Маня Берг катила перед собой коляску, в которой спала ее дочка. Маню перегнали двое безногих матросов на шарикоподшипниковых тележках. Там, где гранитные вазы, они отстегнули тележки и, оставив их наверху в табунке таких же, как оставляют обувь, входя в мечеть, мусульмане, спустились по лестнице к воде. Пить водку. У воды они чувствовали себя матросами. Матросы-матросы! Там, у воды было много безногих матросов.
Накатывала на Маню теплая полночь. Матрос тянул ее за руку на гранитную кручу, под бронзового коня. Маня отталкивала крепкую матросов руку, сама лезла, цепляясь за тело змеи. Она протиснулась вслед за матросом у лошади между ног и села на камень. Над ней висели тощие ноги Петра, а матрос уже валил ее на спину, и она хихикала.
Матрос слился у нее в глазах с черным брюхом коня, широким, как крыша. И конь опустился на нее. И по ней проскакал. А она все хихикала, ударяясь затылком о камень.
Потом матрос стоял, согнувшись, застегивая клеш, гладил конские бронзовые тестикулы и говорил:
— Погладь. Примета такая — если девушка после этого их погладит, будет ей большое счастье. Большого всем хочется.
Она, все хихикая, встала на ноги и, капризно надувая губы, погладила.
— Ты посмотри, какой вид, — сказал матрос. — Кто на таком виде это проделывал? Это же такая намять. На всю жизнь.
«Боже мой! — закричала Маня шепотом, но все же повернула коляску к императорской скале и покатила ее вокруг памятника. — Боже мой! Боже мой!»
На скалу залезать запретили. Обсадили ее цветами. Тело змеи блестело, отполированное в былые годы руками, в основном детскими. Конские тестикулы тоже блестели не от количества девушек, пожелавших для себя очень большого счастья — их драили зубным порошком выпускники военно-морского училища. Такая была традиция.
Маня стиснула горло пальцами.
Матроса Маня уже и не помнила. Только жестяной звук его голоса. И глядя снизу в лицо царя, плоское, одутловатое, в его глаза, различавшие вдали все страшное, трудно преодолимое, Маня вынула из коляски дочку, прижала ее к себе и спросила всадника, почти задыхаясь: «Как зовут ее, дочку мою?» — «Назови ее Софья», — сказал Петр, не разжимая рта. «Хорошо, государь», — ответила Маня.
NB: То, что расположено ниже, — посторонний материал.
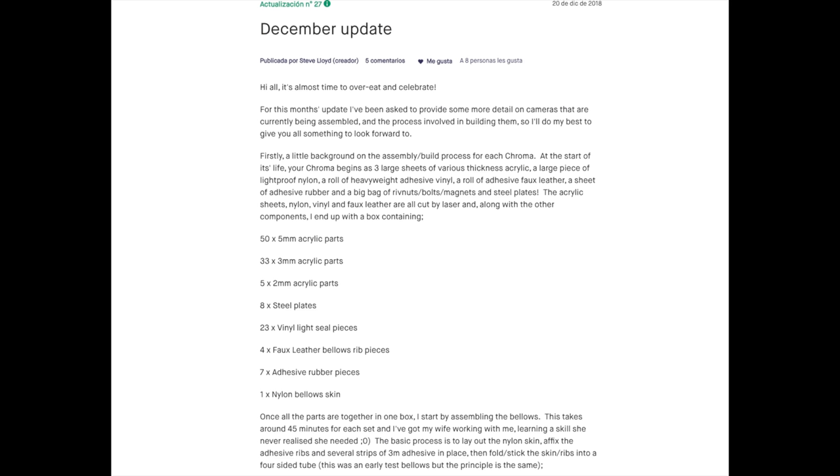You can still purchase some limited quantities at famousformat.com — they have a store and purchasing there probably helps the project continue. We also have an update from the Chroma Kickstarter: Steve is still building the cameras and is almost finished. There's even a description of what goes into making each camera. If you backed it or want to see it on the market, it should be available for everyone soon.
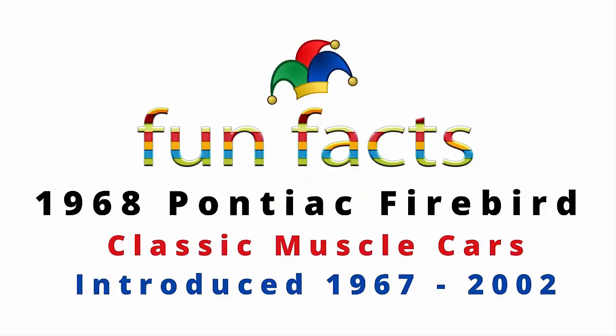Fun Facts presents the 1968 Pontiac Firebird, one of the classic muscle cars. It was introduced back in 1967 and they ran production through 2002. This particular video is going to be featuring the 1968 Pontiac Firebird.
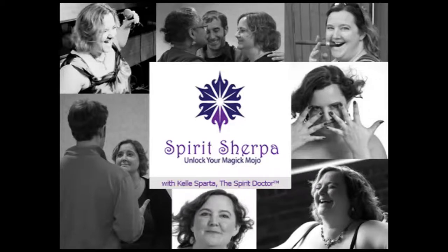Spirit Sherpa is the sole property of Kelly Sparta Enterprises and is distributed under Creative Commons BY-NC-ND 4.0 license. For more information about this licensing, please go to creativecommons.org. Any requests for deviations to this licensing should be sent to Kelly at KellySparta.com. To sign up or to get more information on the programs, offerings, and services referenced in this episode, please go to KellySparta.com. This episode of Spirit Sherpa has been produced by Honu Voice Productions.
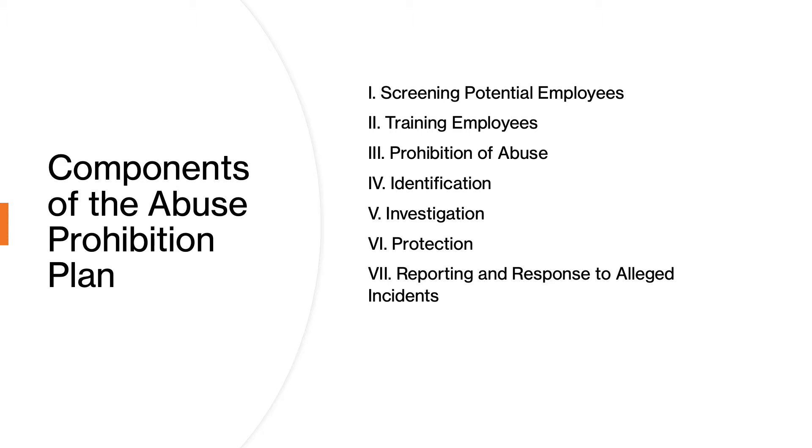The third component is the prohibition of abuse — how do we prevent abuse from occurring in our facility? The fourth component is identification: how do we identify a resident who is the potential victim of abuse or neglect at the hands of our staff, or perhaps a family member or a roommate? The fifth component is investigation procedures — how do we properly investigate an allegation of abuse? Then comes protection — how do we protect the resident while conducting an investigation?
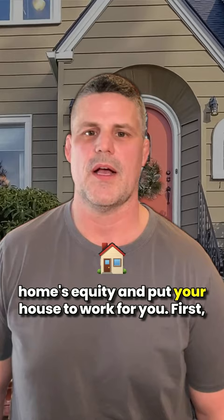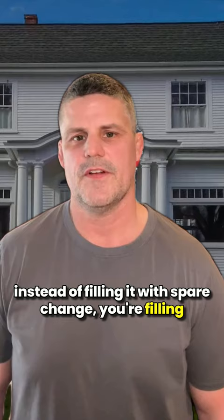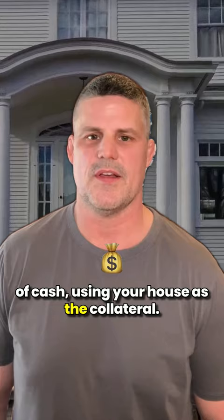What exactly is a home equity loan? Imagine your home is like a big piggy bank, but instead of filling it with spare change, you're filling it with all the mortgage payments you've made. A home equity loan lets you tap into your home's value, giving you access to a lump sum of cash using your house as the collateral. This is typically going to be a fixed rate with a set term and payment amount.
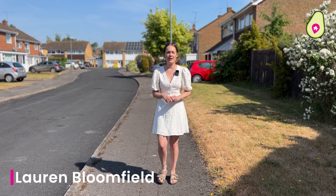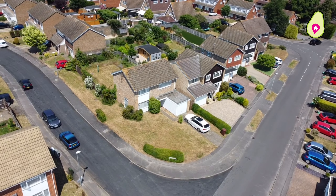Welcome to Squirrels Way, where today we have a great three bedroom detached property to show you. It's on a really great sized plot, including all of this space to the side.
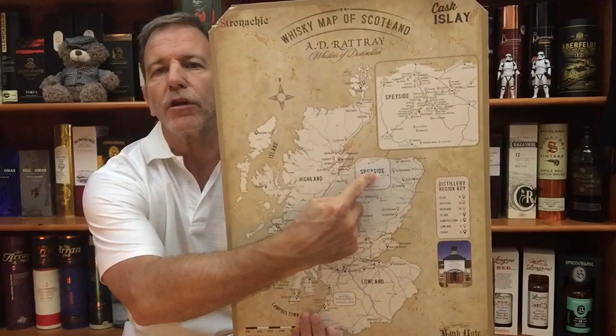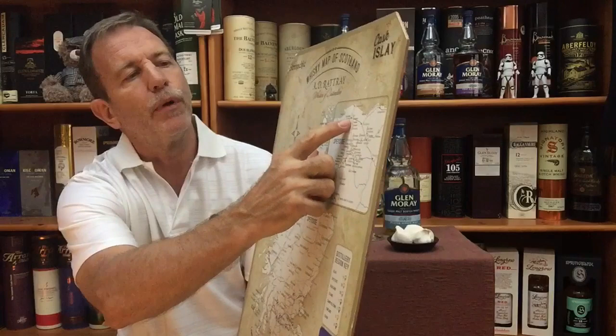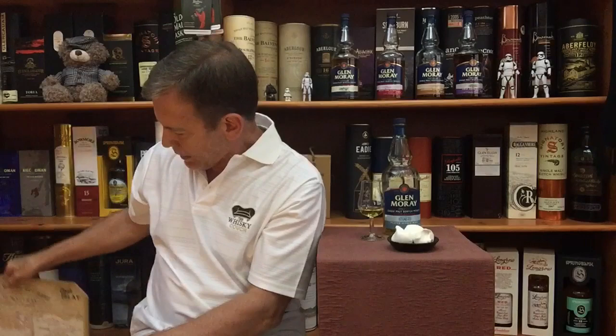Where is that situated? In the Northern Highlands of Scotland, in the Speyside region. This is our Scotland map, and there at the top, in the town of Elgin, you would see the Glenmorangie Distillery situated on the banks of the River Lossie. Founded in 1897, owned by a company whose name I can never pronounce — La Martiniquaise or something like that.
Когда Васька пришел домой, в квартире не было ни тети Насти, ни Сережи Галкина. Васька умылся под краном по пояс. Один за другим выпил два стакана холодной воды. Он жалел старика и на него злился. «Дать бы ей по маковке», — бормотал он, имея в виду старикову дочку, уж очень вид был у нее надменный. «И этому сопляку-внуку дать бы по маковке. Стерва его мамаша Ренуара толкает, а у него на роже ничего — блюдце блюдцем, хоть чай с него пей». Но самым сильным желанием Васьки было сказать старику в лицо, что он размазня, старая швабра. Сейчас цена на импрессионистов, благодаря святой борьбе с формализмом, сильно упала, а он Ренуара толкает. Толкал бы Куинджи. И тут он подумал, что, во-первых, старика он может только обнять, а старикова дочка и тот, с черной бабочкой, живут в другой системе координат, не зависимой ни от Жданова, ни от ЦК, что им хорошо известна цена Ренуаровой «Шляпки» по каталогу в долларах и продают они ее за границу.
Старик сидел, как солдат перед ампутацией гангренозной ноги.
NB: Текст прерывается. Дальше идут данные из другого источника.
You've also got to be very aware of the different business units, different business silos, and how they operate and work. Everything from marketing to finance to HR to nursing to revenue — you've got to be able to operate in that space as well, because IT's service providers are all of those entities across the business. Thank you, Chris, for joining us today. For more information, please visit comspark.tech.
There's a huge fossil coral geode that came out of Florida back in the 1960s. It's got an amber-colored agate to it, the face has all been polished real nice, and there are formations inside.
Васька еще из кухни не ушел, как раздался звонок в дверь. Длинный, нервно-прерывистый. За дверью нетерпеливо топтался кто-то и придрыгивал ногами. Васька дверь распахнул. И не то чтобы ахнул и не то чтобы заорал «Физкульт привет!», но расплылся в улыбке.
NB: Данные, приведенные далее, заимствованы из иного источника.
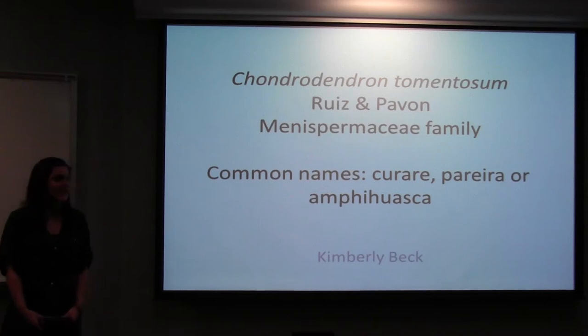My name is Kimberly Beck. I am a junior in the college studying international studies and global health. I'm here to present on Chondrodendron tomentosum. It's in the Menispermaceae family, and it's commonly known as Curare, Pareda, or Empty Fosca.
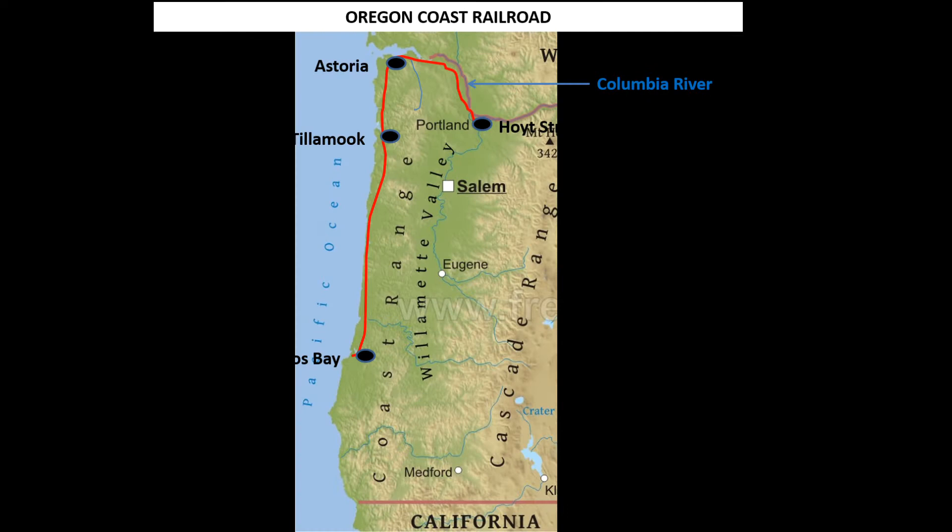My layout was a timetable train order running from the Hoyt Street Yard in Portland west along the Columbia River to Astoria and then south to Tillamook. The actual distance is 165 miles.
— Маня, — сказал он. — Ну ты даешь.
— Не даю, — ответила Маня и впихнула в коридор коляску с дочкой.
Васька попятился. Пятясь, вошел в свою комнату.
— Как зовут? — спросил.
— Софья Петровна. Отчество в честь императора. Он разрешил.
— Закуривай, — Васька протянул Мане «Беломор».
Она закурила.
— Выпьешь?
Она кивнула.
Они выпили по стакану портвейна. Маня легонько толкнула коляску к Ваське. Васька вынул девочку. Руки его не сгибались.
— Урод, — сказала Маня, — ребенка держать не умеешь.
— Тепленькая… — Васька светился.
— Я и говорю — урод. Она могла бы быть твоей дочкой.
— Не могла бы. Когда мы с тобой познакомились, ты была уже беременная.